Note that when Intelligent Structure Discovery discovers the structure of the data based on the entire file, the discovery process might take a few minutes to complete.
Discover structure from a Microsoft Excel file
You can base a model on the following types of Microsoft Excel files: xla, xlam, xls, xlsm, xlsx, xlt, xltm, and xltx.
Using ORC files
You can use the model to read ORC files through a flat file connection in Data Integration. You can't use the model for ORC streaming.
Using multiple sample files in a model
After you create a model based on a JSON, XML, ORC, AVRO, or PARQUET sample file, you can use additional sample files to enrich the structure with fields that exist in the new samples. The additional files must be of the same file type as the type of file that the model is based on.

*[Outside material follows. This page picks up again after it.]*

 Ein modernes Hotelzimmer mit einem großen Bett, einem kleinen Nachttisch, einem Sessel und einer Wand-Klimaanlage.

Using multi-file XSD schemas
Consider the following guidelines when you use an XSD schema that contains multiple XSD files as the model input:
•The schema files must be compressed.
•If the XSD files reside in a directory structure, to preserve the structure, the parent directory must be compressed.

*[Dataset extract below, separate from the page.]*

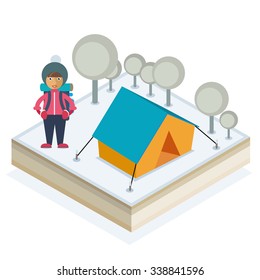 A girl with a backpack and a tent in a winter forest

Discover structure from large XSD schemas
When you base a model on an XSD schema, by default, Intelligent Structure Discovery can discover the structure of the data from schemas that are up to 1.5 MB in size. To use a larger file, perform one of the following actions:
•Choose to discover the structure of the data based on the entire schema, up to 30 MB.
•Zip the schema file and select the zip file as the input for the model.
If you use a large schema without taking one of these actions, Intelligent Structure Discovery treats the input as XML and discovers the structure based on partial data.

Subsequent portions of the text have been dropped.